### Task brief
Repeat, exactly and in full, the lines of the listing below, but without any pictures.

### Exercise materials
------------------------------

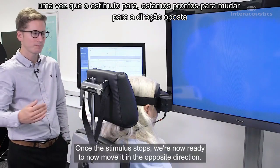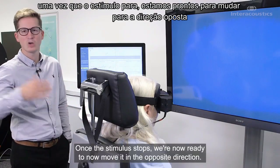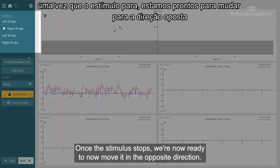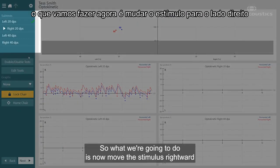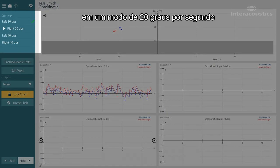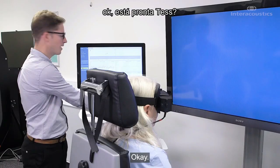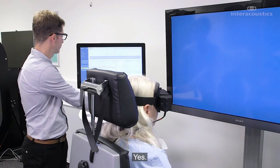Once the stimulus stops, we're now ready to move it in the opposite direction. We're going to move the stimulus rightwards at 20 degrees per second.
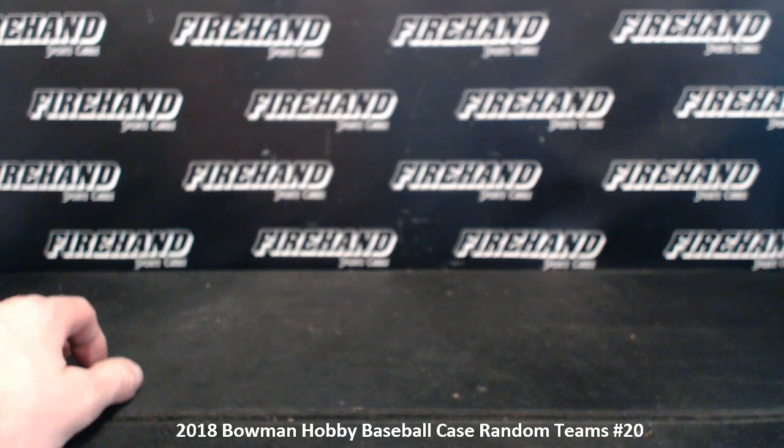2018 Bowman Hobby Case Random Teams number 20. I'll be breaking it at the end of the night. We're going to draw your teams right now so you know who you got. Good luck.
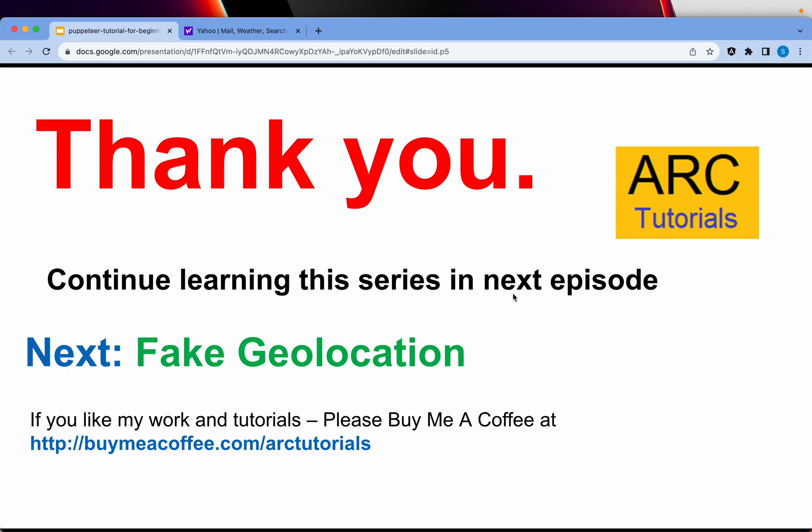Thank you so much for joining in this episode. I'll see you in the next one. Thank you.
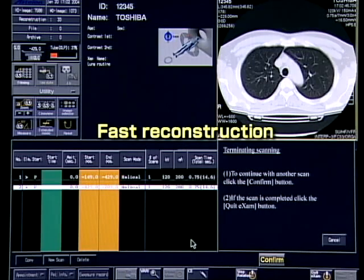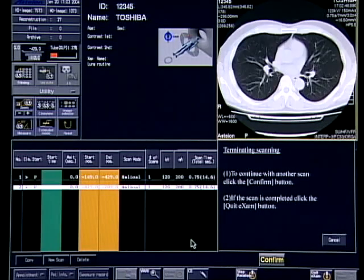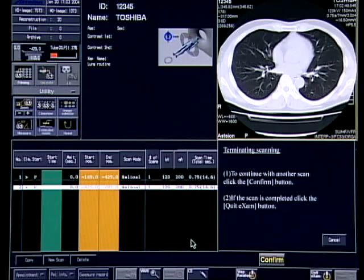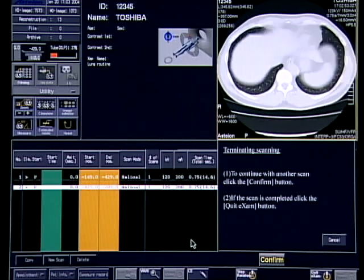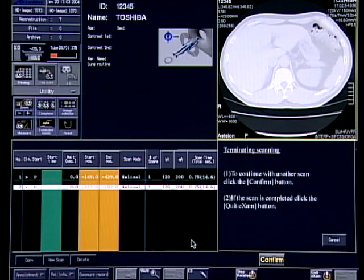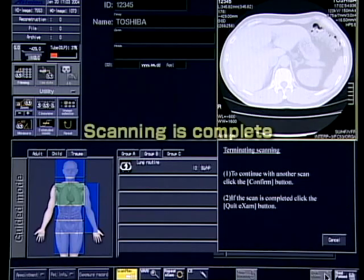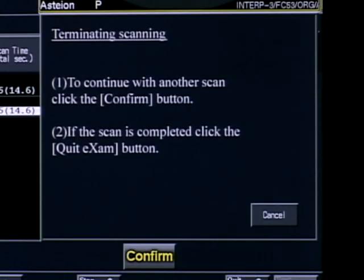Reconstruction is performed at a high speed of 4 images per second. With the completion of reconstruction, the examination is completed. Wasn't that simple? Astian Super 4 allows even an inexperienced operator to perform after-hours emergency examinations without anxiety.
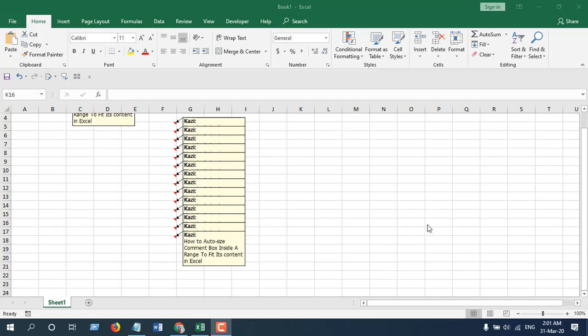Hello everyone, welcome to Excel 10 tutorial. In this advanced Excel tutorial, I'm going to show you how you can auto-size all comment boxes inside a worksheet to fit its content in Microsoft Excel.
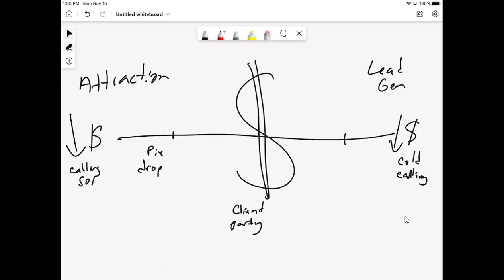In the middle, you have Facebook. So Facebook ads, $2 to $5 per lead for a buyer lead. So those are relatively low cost.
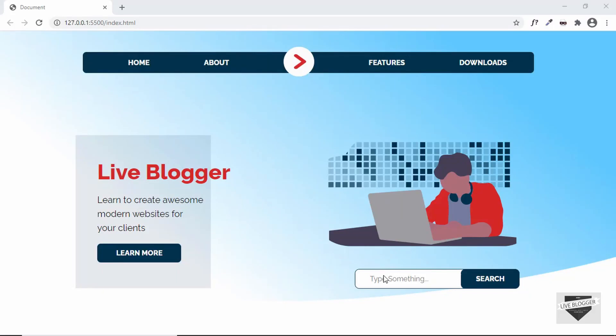Hi everybody, welcome to Live Blogger. In this series, we are designing a responsive hero section from scratch for a blogger website. In the last video, we completed the design of the desktop version. Now in this video, we'll make it responsive so that even the mobile users can have a great experience on your website. Let's get started.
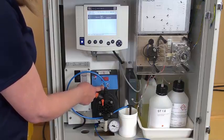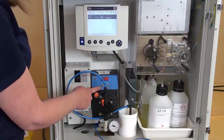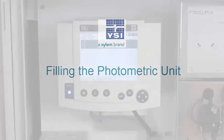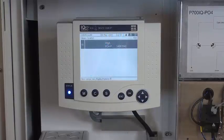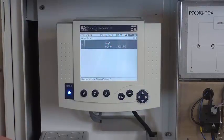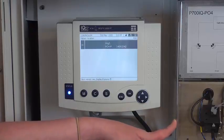And then you can restart your pump. The pump is primed and delivering sample to the overflow vessel. I'm ready to fill the photometric unit.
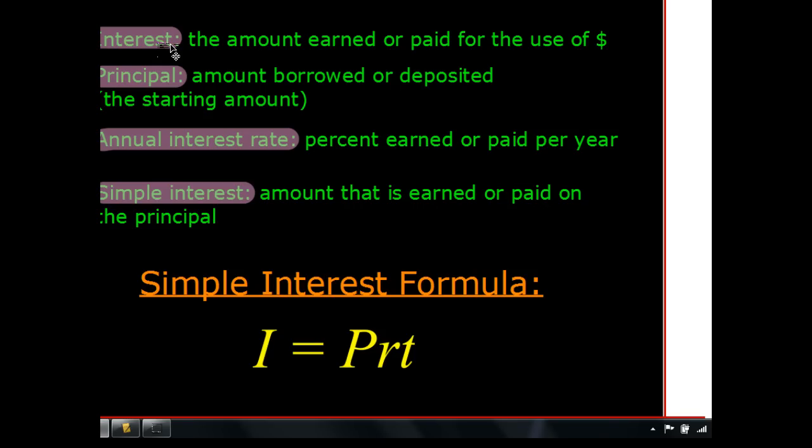Let's look at principal. The principal is the starting amount. In the previous example, if I borrowed $100, the principal would be $100. The amount paid back at the end is different — the principal is just the starting amount. Another example: if I start a bank account with $200, that $200 is the principal — that's the amount of money you're going to be working with.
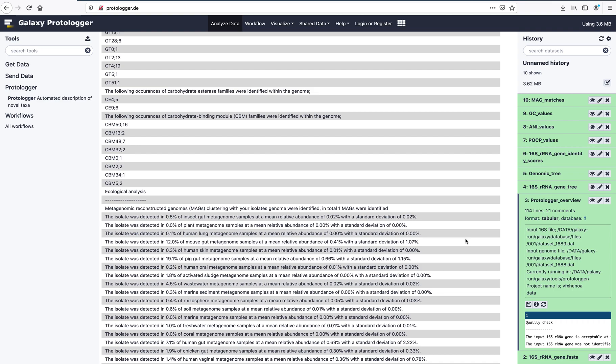As the isolate being studied in this example was cultured from the mouse gut, we will look into this data. As we can see, the isolate occurred in 12.07% of samples, at a mean relative abundance of 0.41%.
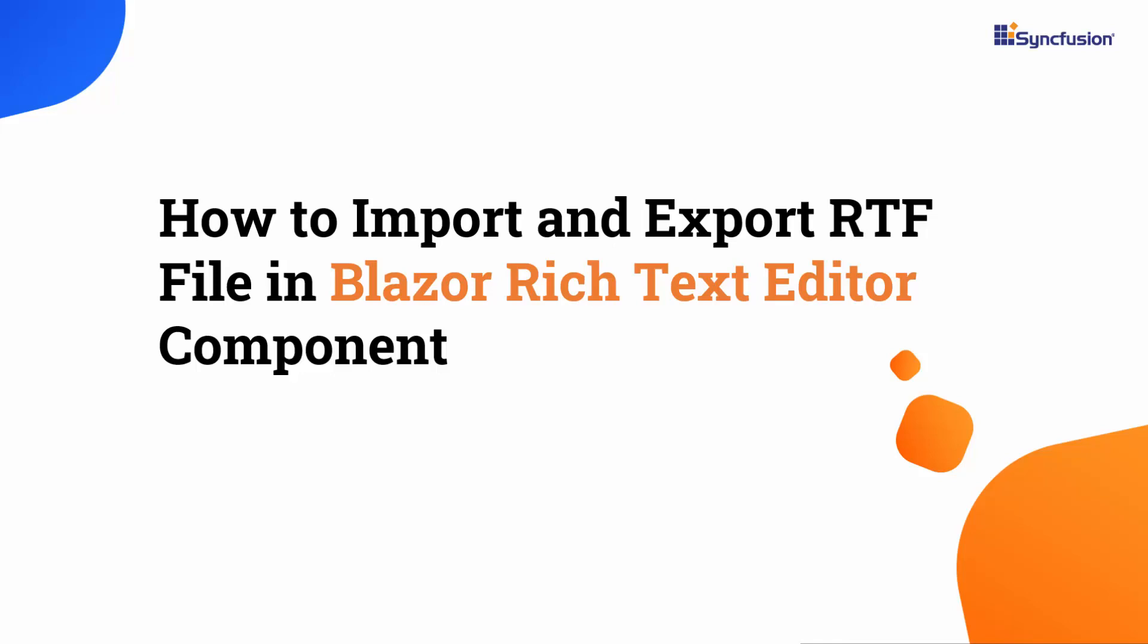Welcome to the Blazor Rich Text Editor tutorial. Here, I will show you how to import and export RTF file in Syncfusion Blazor Rich Text Editor component.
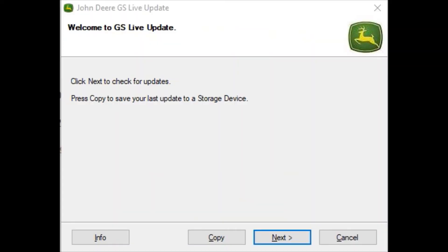Once the download process is done, the live update will automatically open to this page. Once the live update is open, go ahead and insert your flash drive. You'll want to make sure that you have a clean flash drive to put the software on.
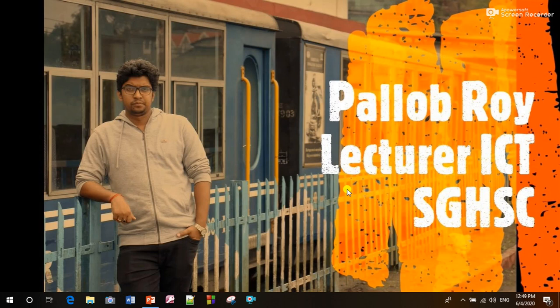Good morning students, this is your teacher from St. Gregory's High School and College. How are you my dear? I hope that all of you will be well by the grace of Almighty.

------------------------------

### Answer to this exercise
Once the stimulus stops, we're now ready to move it in the opposite direction. We're going to move the stimulus rightwards at 20 degrees per second.
2018 Bowman Hobby Case Random Teams number 20. I'll be breaking it at the end of the night. We're going to draw your teams right now so you know who you got. Good luck.
Thank you so much for joining in this episode. I'll see you in the next one. Thank you.
Reconstruction is performed at a high speed of 4 images per second. With the completion of reconstruction, the examination is completed. Wasn't that simple? Astian Super 4 allows even an inexperienced operator to perform after-hours emergency examinations without anxiety.
Hello everyone, welcome to Excel 10 tutorial. In this advanced Excel tutorial, I'm going to show you how you can auto-size all comment boxes inside a worksheet to fit its content in Microsoft Excel.
In the middle, you have Facebook. So Facebook ads, $2 to $5 per lead for a buyer lead. So those are relatively low cost.
Hi everybody, welcome to Live Blogger. In this series, we are designing a responsive hero section from scratch for a blogger website. In the last video, we completed the design of the desktop version. Now in this video, we'll make it responsive so that even the mobile users can have a great experience on your website. Let's get started.
And then you can restart your pump. The pump is primed and delivering sample to the overflow vessel. I'm ready to fill the photometric unit.
Let's look at principal. The principal is the starting amount. In the previous example, if I borrowed $100, the principal would be $100. The amount paid back at the end is different — the principal is just the starting amount. Another example: if I start a bank account with $200, that $200 is the principal — that's the amount of money you're going to be working with.
As the isolate being studied in this example was cultured from the mouse gut, we will look into this data. As we can see, the isolate occurred in 12.07% of samples, at a mean relative abundance of 0.41%.
Welcome to the Blazor Rich Text Editor tutorial. Here, I will show you how to import and export RTF file in Syncfusion Blazor Rich Text Editor component.
Once the download process is done, the live update will automatically open to this page. Once the live update is open, go ahead and insert your flash drive. You'll want to make sure that you have a clean flash drive to put the software on.
Good morning students, this is your teacher from St. Gregory's High School and College. How are you my dear? I hope that all of you will be well by the grace of Almighty.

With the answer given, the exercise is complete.